Would you restate each line of the data below word for word, without its pictures?

━━ The records ━━

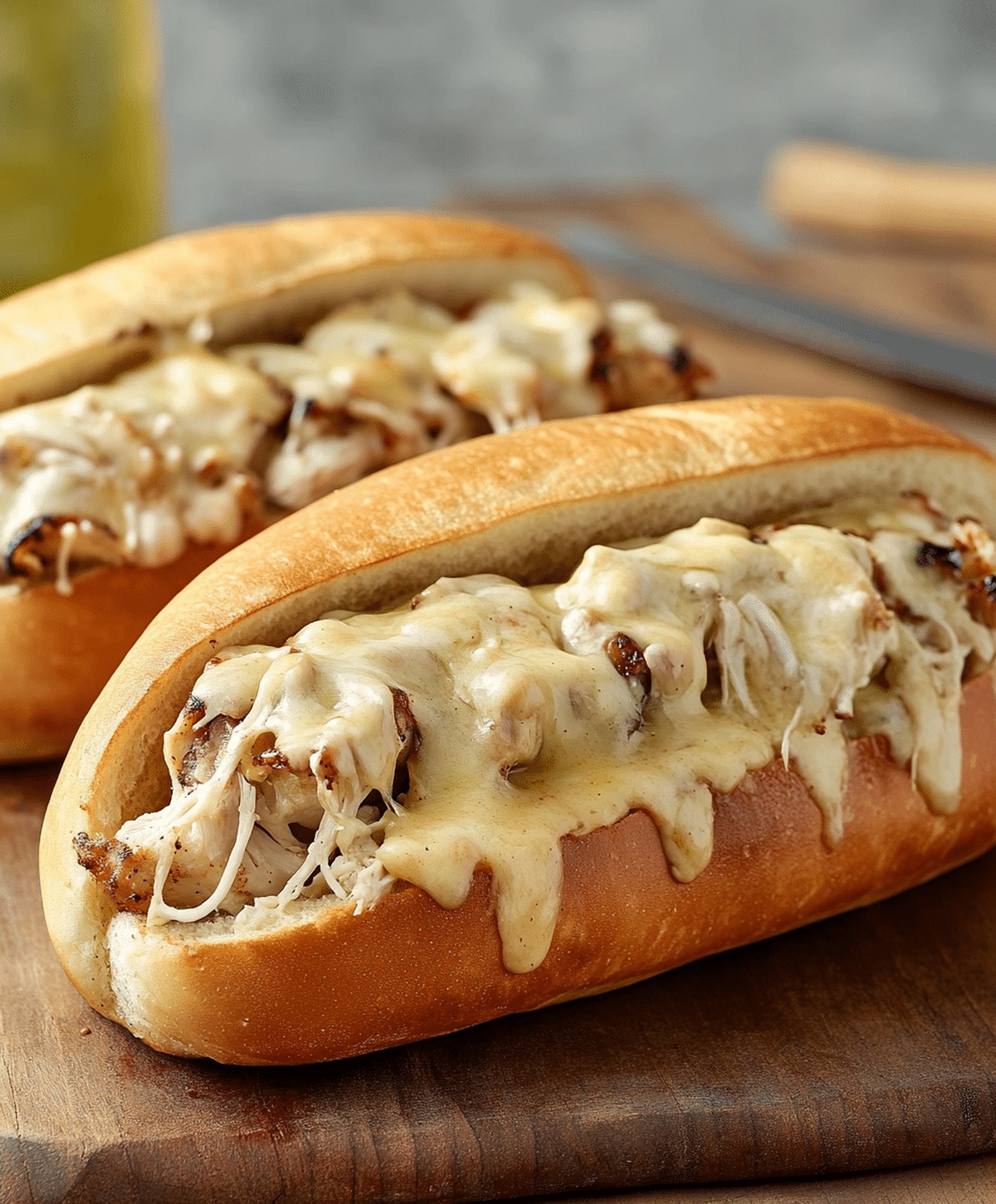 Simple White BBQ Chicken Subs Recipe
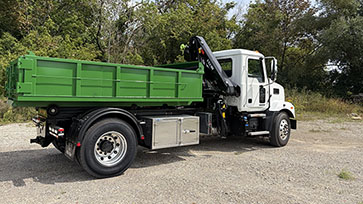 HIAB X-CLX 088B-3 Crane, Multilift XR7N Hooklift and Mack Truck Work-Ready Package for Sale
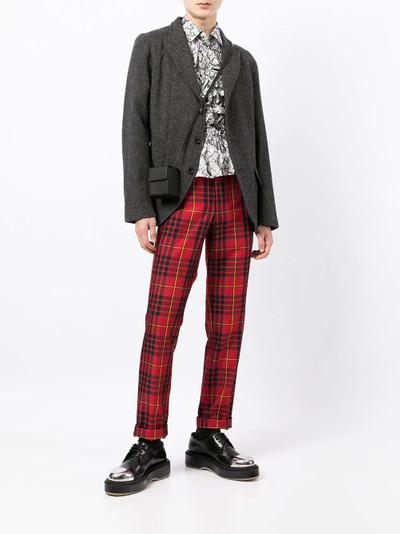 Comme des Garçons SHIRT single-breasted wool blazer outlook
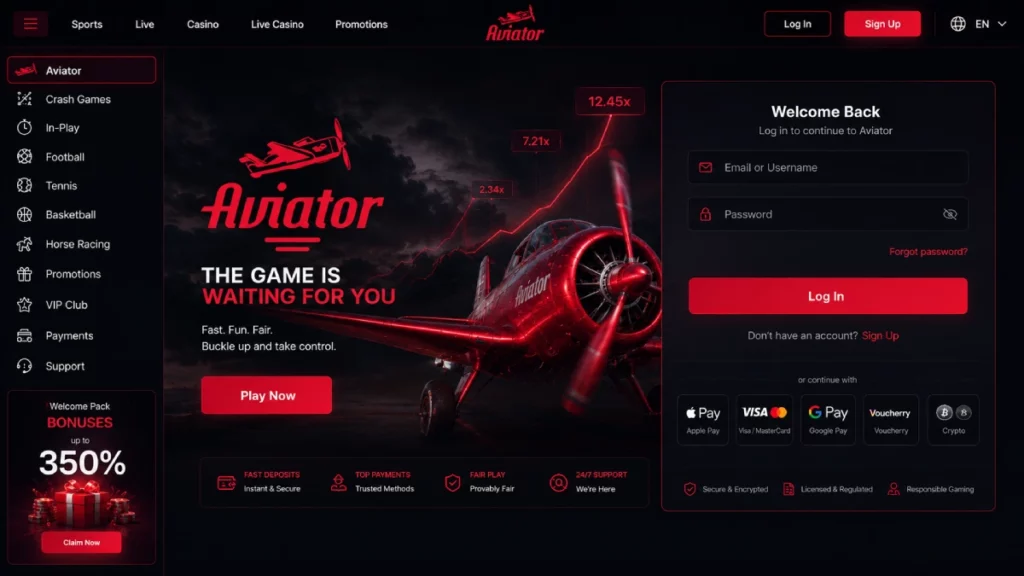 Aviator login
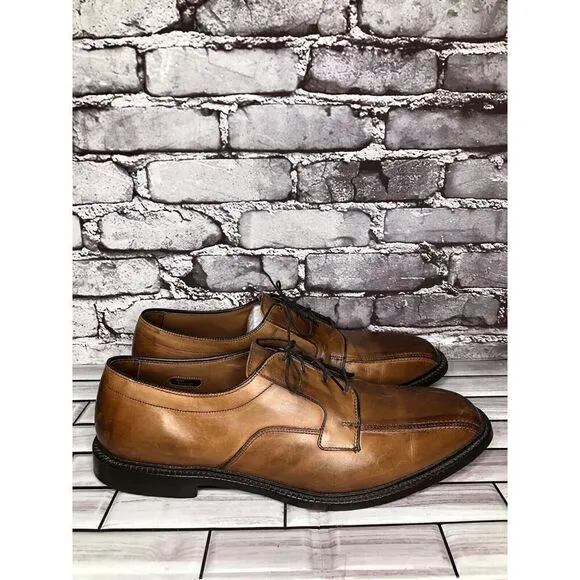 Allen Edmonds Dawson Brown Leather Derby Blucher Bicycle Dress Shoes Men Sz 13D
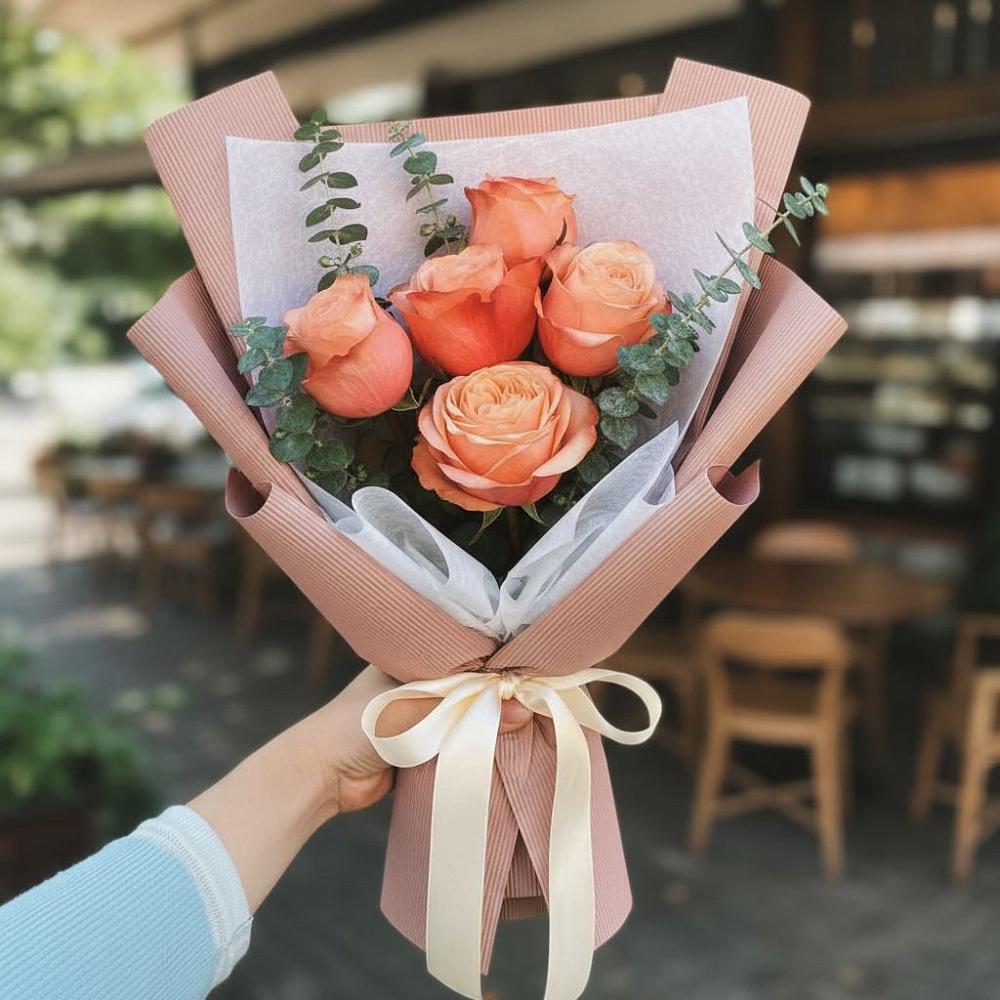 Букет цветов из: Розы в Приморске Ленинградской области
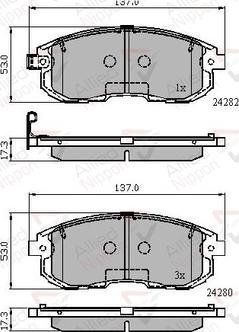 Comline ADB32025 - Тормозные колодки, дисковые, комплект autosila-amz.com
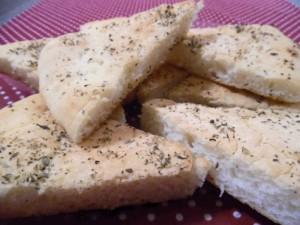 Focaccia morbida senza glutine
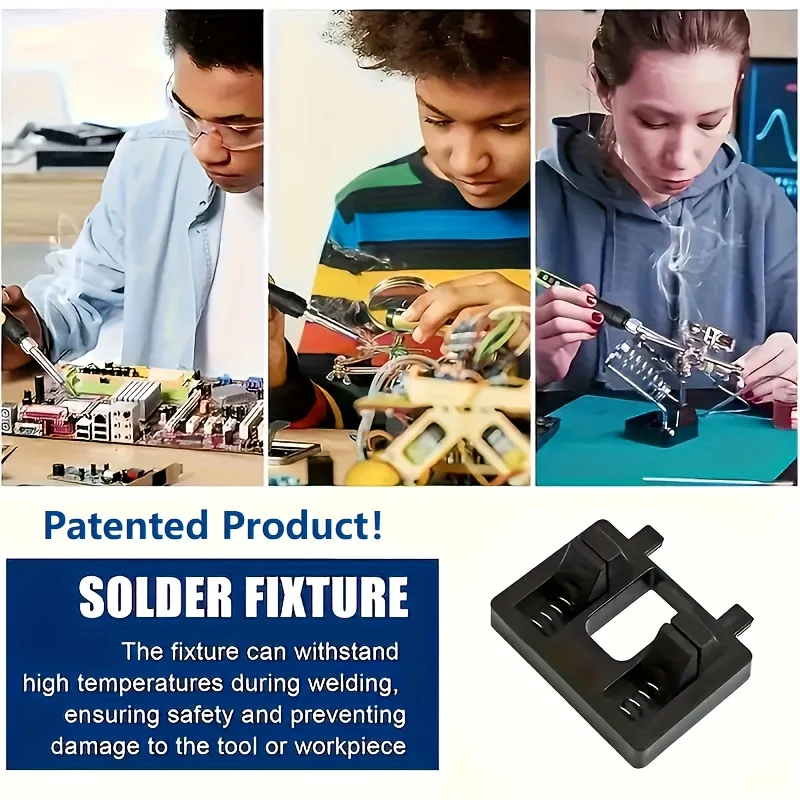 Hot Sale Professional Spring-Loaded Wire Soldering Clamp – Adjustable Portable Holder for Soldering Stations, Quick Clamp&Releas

━━━

Solution for this exercise ::
 Simple White BBQ Chicken Subs Recipe
 HIAB X-CLX 088B-3 Crane, Multilift XR7N Hooklift and Mack Truck Work-Ready Package for Sale
 Comme des Garçons SHIRT single-breasted wool blazer outlook
 Aviator login
 Allen Edmonds Dawson Brown Leather Derby Blucher Bicycle Dress Shoes Men Sz 13D
 Букет цветов из: Розы в Приморске Ленинградской области
 Comline ADB32025 - Тормозные колодки, дисковые, комплект autosila-amz.com
 Focaccia morbida senza glutine
 Hot Sale Professional Spring-Loaded Wire Soldering Clamp – Adjustable Portable Holder for Soldering Stations, Quick Clamp&Releas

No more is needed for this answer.